Now John's son, Nicholas Cornwell, has revealed that : “He was, by the time he died, an Irish citizen. On his last birthday I gave him an Irish flag, and so one of the last photographs I have of him is him sitting wrapped in an Irish flag, grinning his head off”. Prior to adopting Irish citizenship he visited Cork, from whence his maternal grandmother, Olive Wolfe, came and researched his roots. 

When he was interviewed by the late Marian Finucane on her Irish RTÉ Radio 1 radio show in October 2019 he said : “I am indeed applying for an Irish passport. And it means a lot to me for two reasons: firstly, I want to remain in the EU and an Irish passport will enable me to do that; I am a European and I would like the passport of a European. Secondly, I have much to learn. I was completely enchanted by my journey to Ireland where I visited my grandmother’s birthplace in Inchinattin near Rosscarbery in Co Cork and that was where she grew up.
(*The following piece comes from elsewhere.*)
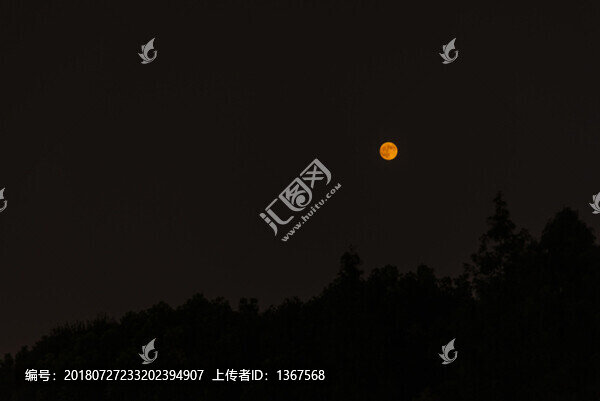 血月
And at the age of 16, from there, she went to England as a lady’s maid. That was in 1911 and a couple of years later all hell broke out in that region and there was a terrible religious war and carnage. And she escaped that, so I went and found this tiny little spot, Inchinattin near Rosscarbery. 
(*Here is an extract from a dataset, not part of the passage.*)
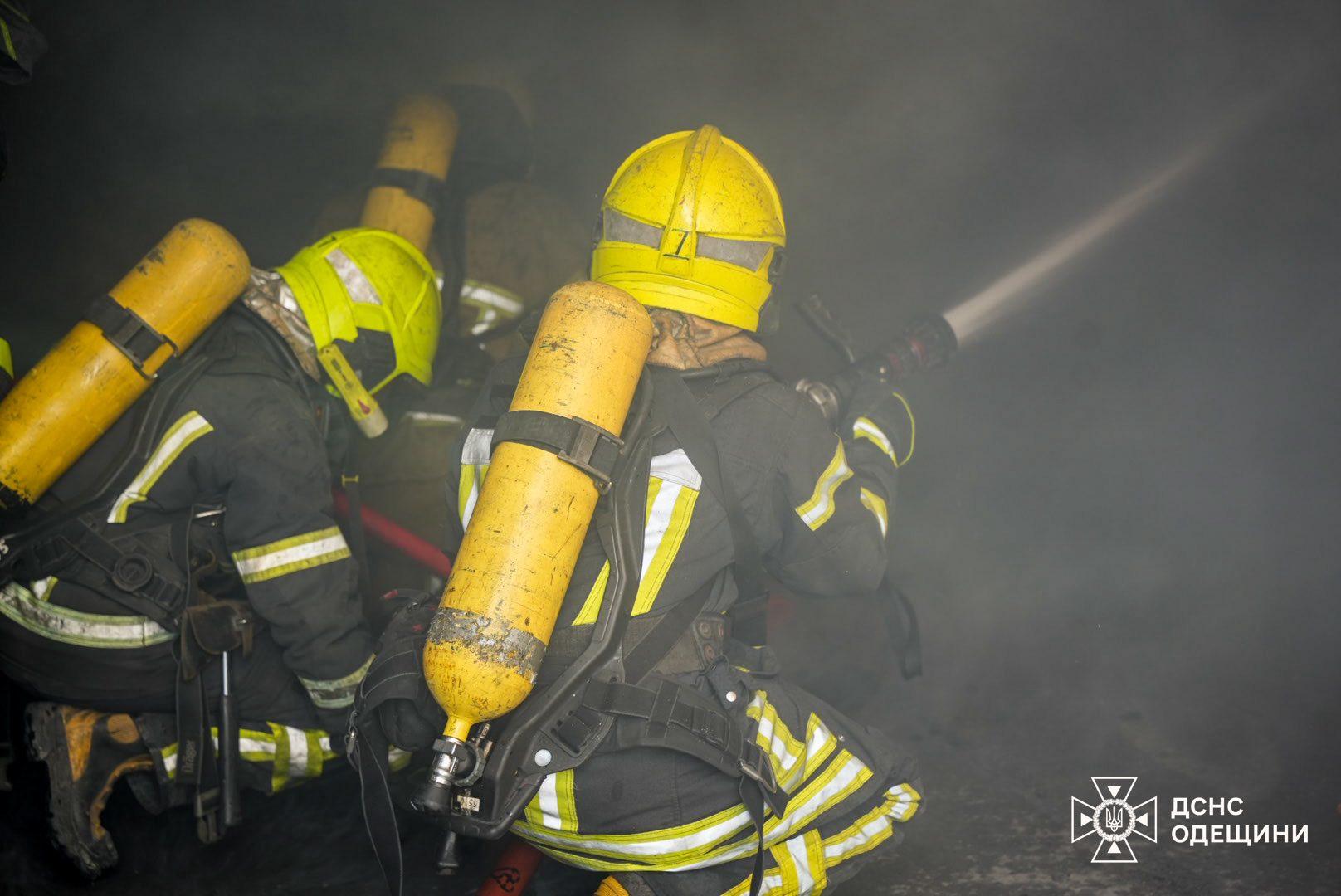 Під Одесою палала СТО (фото, відео)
Afterwards I went to Skibbereen where there is a heritage centre and a wonderful lady called Margaret Murphy, an archivist, first of all looked rather sternly at her computer for a long while and then she turned up to me and with a beautiful smile said, "welcome home".

When she said this to him his son said : "It was vastly moving for him, a huge emotional shift, an awareness of history and self which had genuinely eluded him his whole life".

John maintained his belief that Brexit was : 

“Without doubt the greatest catastrophe and the greatest idiocy that Britain has perpetrated since the invasion of Suez. Nobody is to blame but the Brits themselves – not the Irish, not the Europeans”.